Apakah beliau tidak marah pada Anda? “Saya tahu persis, beliau tidak marah pada saya maupun sopir, meski ada kata “gimana sih”. Saya paham benar, bahwa beliau marah dengan kondisi kemiskinan Ibu itu. Beliau marah mengapa negara membiarkan Ibu itu ‘terlelap’ dengan kemiskinannnya. Saat itulah kemudian saya dalam hati dengan mantap berkata, Inilah Presiden yang sebenarnya. Inilah Presiden masa depan itu” Kata Gea.

Satu hal yang terekam dalam akhir cerita ini, bila sebenarnya Prabowo yang saat itu masih berpangkat Kolonel, bersatus sebagai menantu Pak Harto, mengalami pergulatan batin yang amat hebat. Prabowo marah dengan kemiskinan ibu paruh baya itu, di satu sisi Pak Harto adalah Presiden di republic ini. “Itulah mengapa, Pak Prabowo hanya bisa berkata dengan kesal, “Gimana Sih” tandas Gea menegaskan ceritanya.

Jika merangkai cerita masa lalu Prabowo, memang beliau terlahir dari talenta yang amat kritis.
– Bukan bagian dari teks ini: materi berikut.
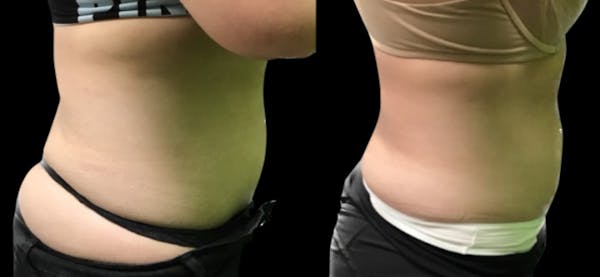 Non-Invasive Laser Lipo Before & After Gallery - Patient 565441 - Image 1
Sebagaimana kritisnya Bapak Soemitro Djojohadikusumo (dikenal sebagai Begawan Ekonomi Indonesia), ayah Pak Prabowo pada Presiden Soeharto, meski keduanya berstatus sebagai ‘besan’. Karena ke kritisan Pak Soemitro, konon Pak Harto sempat ‘curhat’ pada anaknya Titiek Soeharto mengenai sikap mertuanya itu. “Mertuamu itu sudah Sepuh, kok masih kritis begitu” kata Pak Harto pada Titiek, istri Prabowo kala itu, dan cerita ini pun disampaikan pada Pak Soemitro.

Semoga cerita ini menjadi inspirasi Rakyat Indonesia, Merah Putih!!